Un effort. La vaisselle est faite. C’est donc avec un bureau à peu près rangé et un cendrier vidé, et ensuite proprement nettoyé, que je m’apprête à ajouter une page à mon moribond journal. Journal de quoi ? Journal de bord… Journal intime ? Chronique de je sais pas trop quoi ? Non rien ne va. Elle a écouté mon programme de la journée sans sourciller, mais je l’ai sentie dubitative. Elle ne s’est pas répétée. Bonne chose, elle sait que je ne suis pas sourd. D’ailleurs ne lui ai-je pas donné raison en reconnaissant la veille que j’ai depuis quelque temps une tendance maladive à trop charger ma brouette, à m’en imposer trop ? Je me surprends à vrai dire. Je vis absolument la vie inverse de celle que j’avais il y a six mois encore. Je me demandais alors où était toute mon énergie, mon enthousiasme et mon entrain. Il n’y avait rien. Et si j’avais le souvenir d’en avoir eu le temps était tellement passé que j’étais bien en peine de dater à quel moment cela s’était enfui. Je devais me motiver des heures pour agir, me secouer avec douleur, faire ce qu’il y avait à faire. Lentement, comme une fusée, étage après étage, je me suis rallumé. En admettant que les fusées s’allument étage par étage ce dont je ne suis pas certain… Mais admettons ! Histoire de ne pas planter une si belle métaphore… au décollage.

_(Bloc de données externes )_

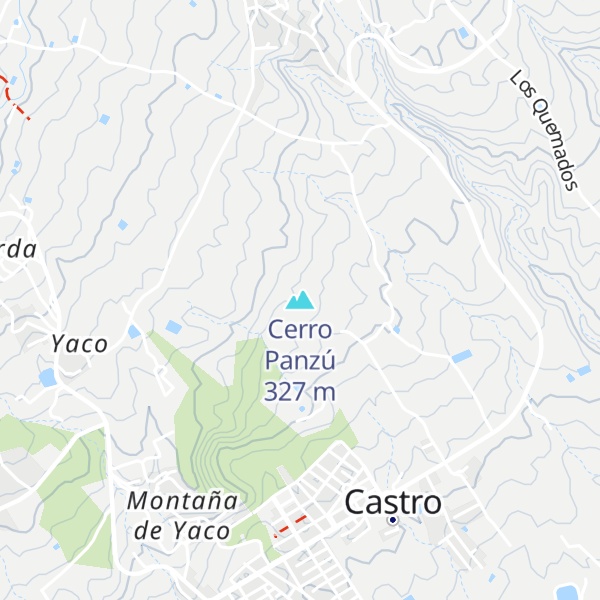 Map of Cerro Panzú
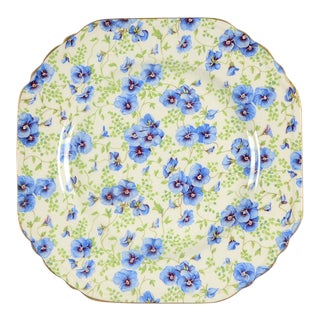 Lord Nelson Pansy Chintz Square Plate For Sale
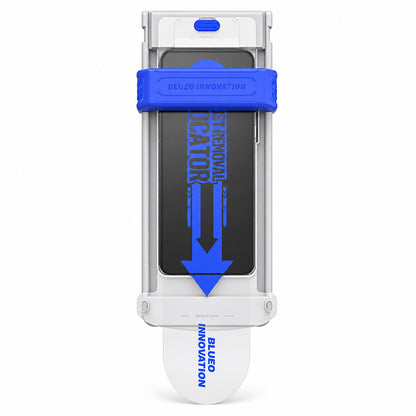 Blueo Privacy-skärmskydd Anti Peep AR Applicator Pro för Apple iPhone 18 Pro, härdat glas, helhäftande, 3D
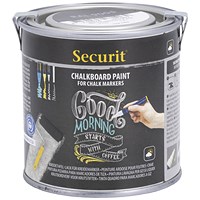 Securit Acrylic Chalkboard Paint, Black, 250ml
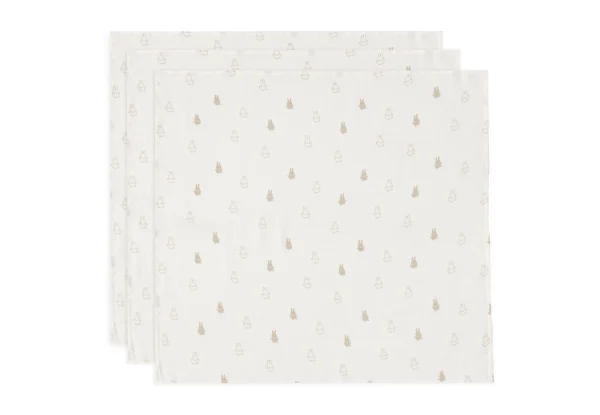 MBULESA TE HOLLA MUSLIN70x70cm Happy Miffy Nougat (3pack)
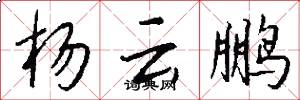 杨云鹏怎么写好看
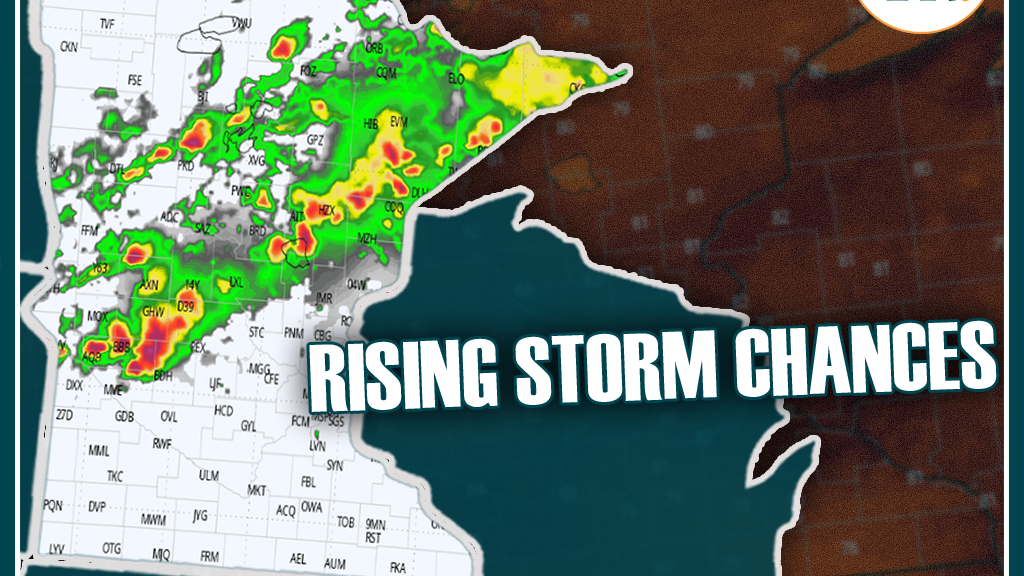 Rising heat, humidity could raise Minnesota’s storm chances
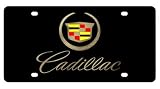 Cadillac Script - License Plate - Carbon Stainless-Style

Ses paupières sont encore collées. Elle frotte ses yeux fatigués en gémissant qu'elle ne veut pas aller bosser. Elle préférerait rester. " Ah non non non! Sinon je ferai rien de ce que j'ai à faire... Va bosser!" dis-je. Elle rigole puis baille. J’annonce que je ferai la vaisselle. Depuis que je suis en travaux dans l’autre appart, que je passe entre huit et quatorze heures par jours sur « mon chantier », rien ne va plus de ce côté-là de la ville. Mon intérieur ne ressemble plus à rien. L’aspirateur est occupé ailleurs, il aspire du ciment et du plâtre, il a autre chose à foutre que de ramasser de petites saletés sur ma moquette, ou les poils du chat sur les tapis. Laura avoue, et ce n’est pourtant pas son genre la grande propreté, que ça commence à l’agresser. L’araignée la veille au soir, qui pionçait dans mes draps lorsque nous sommes rentrés, ne lui a pas franchement donné de l’espoir, mais plutôt un méchant frisson. Difficile d’expliquer que ce n’est plus qu’une question de temps et de vitesse de remplissage de cartons.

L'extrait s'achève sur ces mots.